Rationale for having a system at all:

For years, the website has been built by hand-editing HTML pages, "traditionally" by one or two people, in constant email contact. Obviously those people were thoroughly familiar with the locations of all the pages, the conventions used for naming files, the style used throughout the site and a few conventions for adding things which made the site easier to maintain. There are also a few odd tools written to hack from one format (such as a scanned journal page) to another which those users were happy with (but which may not be useful for anyone else - typically written in BBC Basic on an Acorn machine :-). The survey dataset was maintained in much the same way, though a lot more of that work was done actually on expedition, and therefore by a lot more people.

This work becomes quite onerous when neither of the two usual maintainers went on expo this year, and in any case, it is usually far better for the people who actually explored the cave to integrate their stuff into the existing cave descriptions. To make this easier (indeed, possible !), both the web pages and the survey data are now held in a CVS repository, which means lots of people can edit different parts (even different parts of the same file) at the same time without causing chaos, and a record is kept of who changed what, and why.

This how-to guide is split into two parts - one for those who have never used CVS before, and one for everyone, outlining the structure of the site and the few conventions used within it. It is still possible for you to contribute to the updating of the site without learning CVS, by sending changes or fault reports (as plain text) to one of the regular maintainers - it is not one of the aims of this system to exclude non-computer-nerds, just to reduce the computer-nerds' workload :-)

The CVS bit

This bit should not change significantly with structural change to the website (such as serving it all via PHP from a database). I hope it is all clear - it was written in parallel with my own learning how to use CVS. It may be verbose, but I hope that writing it this way means that it is low on omissions.

CVS Rationale:

The problem with having more than one or two people do the work is that it generates increasing amounts of email to ensure that people don't update old versions of pages, and throw away someone else's recent work. The solution to all this is to put the entire site into a system called "Concurrent Versions System" under which lots of people can make changes, all of which are safely merged together without losing any changes. Just occasionally, the system will detect that two people have changed the same bit of text in conflicting ways, and it is then up to them to sort it out, but this is a great improvement over what has gone before.

How does it work ?

There is a central CVS repository, from which someone needing to do updates can "check out" a copy of the page they want to change. They then make the changes or additions required, and "commit" the new page back into the system. The system keeps a record of all such changes, with a log message in which you should say why the change was made (the system knows who you are and when you committed the change, so you don't need to tell it that).
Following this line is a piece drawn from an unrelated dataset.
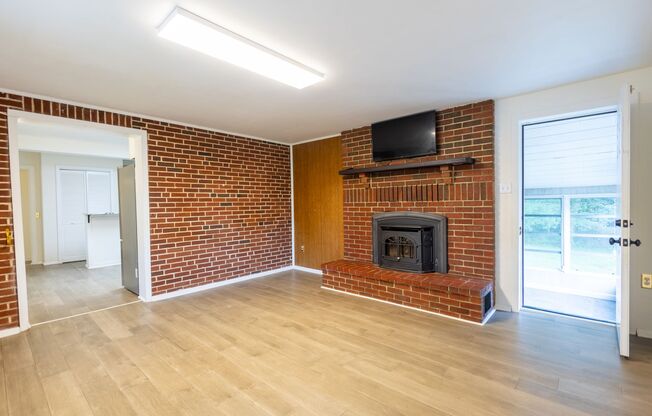 Lovely 3 BR/2 BA Single-Family Home in Glen Burnie!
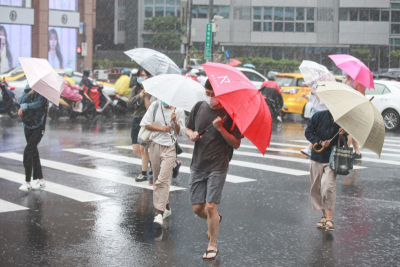 梅雨鋒面提早南下！南部大雨轟5天　「全台劇烈雨勢」時段出爐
In order to join in the work, the central CVS repository needs to know about you, so it can allow you to commit changes into the system (and thus to stop random hackers replacing cave surveys with redirects to a porn site, or whatever).

Becoming a website updater

Software requirements

You need a system which has a CVS client and supports SSH, so that you can log in without sending a password in clear text over the Internet. You need an editor with which you are happy to edit web pages. Ideally this will NOT be one of the commercial WYSIWYG web editors which add whole loads of guff to your webpage in a manner that you don't see (and which, incidentally, makes the pages vastly harder to maintain for the next person who comes along with a basic HTML editor, not to mention making the pages load more slowly and typically work in fewer browsers). Most of us use basic text editors with extensions that make editing HTML easier. The easiest way to get all this is to have a Linux machine, since most distributions have all the tools you need ready built in. The rest of this page assumes that you are doing all this on a recent Linux system. There are a few useful links for those using Mac, RISC OS or Windows machines along with the links to more detailed documentation at the end of this page. The CVS machine itself is a Linux box, and some of the commands you need to use involve typing at the command line on that machine, so some familiarity with Unix/Linux will make you feel more at home.
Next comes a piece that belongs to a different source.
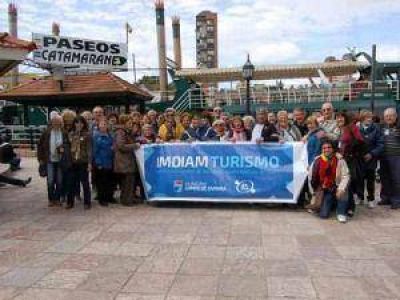 Miniturismo: 800 abuelos ya se sumaron a los paseos gratuitos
The CVS repository is on a machine called cvs.cucc.survex.com, so you need to get (from Mark Shinwell, at present) a username and password. If you are told these via email, the first thing you will need to do is change the password, using ssh:

ssh username@cvs.cucc.survex.com passwd

(where username is the username given to you; for CU students this will usually be your CRSID). This command is in three parts: "ssh" says to open an encrypted connection "username@cvs.cucc.survex.com" says which user on what machine to connect to, "passwd" is the command you are going to execute on that machine, as that user, in this case a command to change your password.

this will ask for the existing password to open the connection to the cvs machine (this allows the "ssh username@cvs.cucc.survex.com" to happen), then ask for it again (to validate the passwd command). Then you need to type your new password twice (second time to confirm that you really typed what you thought the first time), and should then tell you that the password was updated OK. You will need a password made up of mixed uppercase and lowercase letters, digits and punctuation, and not apparently based on any dictionary word. This will make it a real pain to remember and type, but we get round that in the next step:

Generate a public/private keypair to do authentication automatically. With recent versions of openssh, you need to type

ssh-keygen -t dsa

while with older versions, you may find that "-t" is not a valid option, in which case

ssh-keygen -d

does the same thing. Either way, it will suggest a place to store the keypair (~/.ssh/id-dsa) which you should accept. This needs to be kept secure (so don't generate the keypair and keep it on a publically accessible machine, for example).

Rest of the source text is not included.